Information

▼

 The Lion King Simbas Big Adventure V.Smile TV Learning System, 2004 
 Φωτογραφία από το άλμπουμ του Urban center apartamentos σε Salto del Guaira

▲
▼

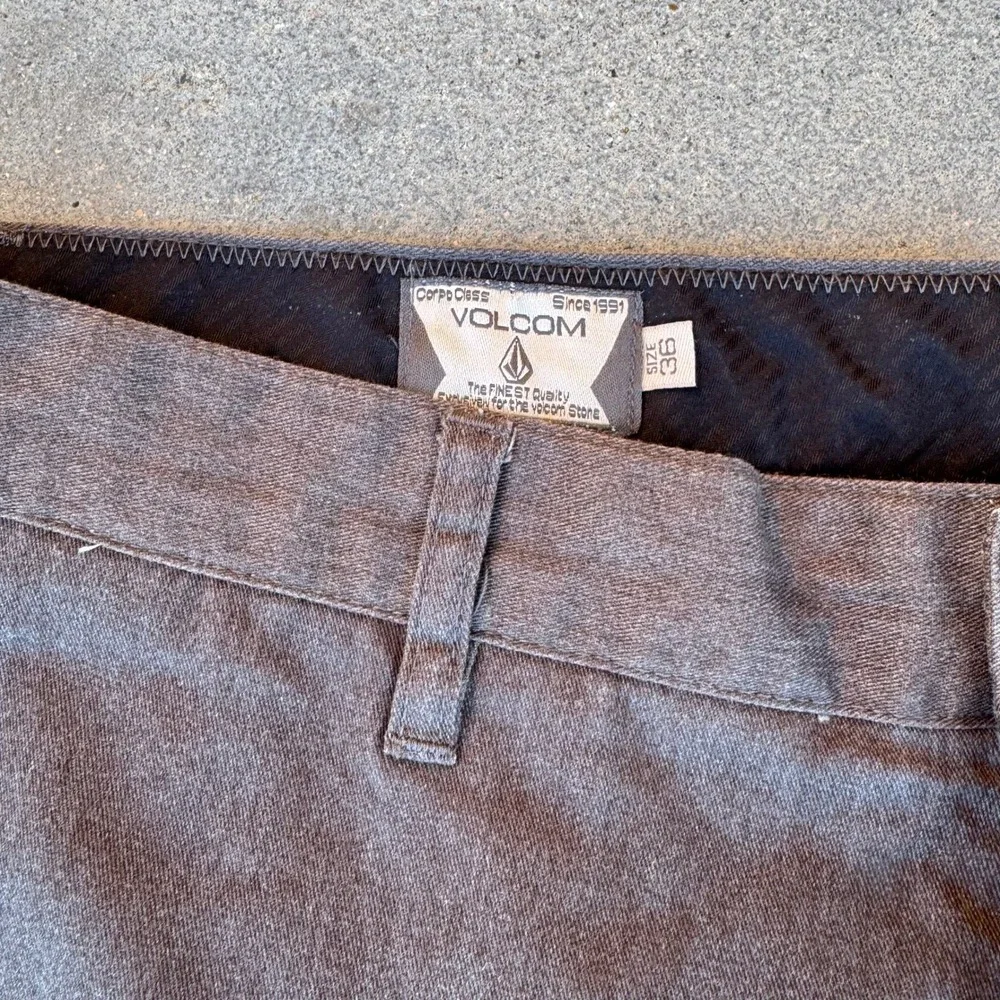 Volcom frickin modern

▲

Working from the records above, write out verbatim only the lines from the line containing "The Lion King" through the line containing "Φωτογραφία από το".

 The Lion King Simbas Big Adventure V.Smile TV Learning System, 2004 
 Φωτογραφία από το άλμπουμ του Urban center apartamentos σε Salto del Guaira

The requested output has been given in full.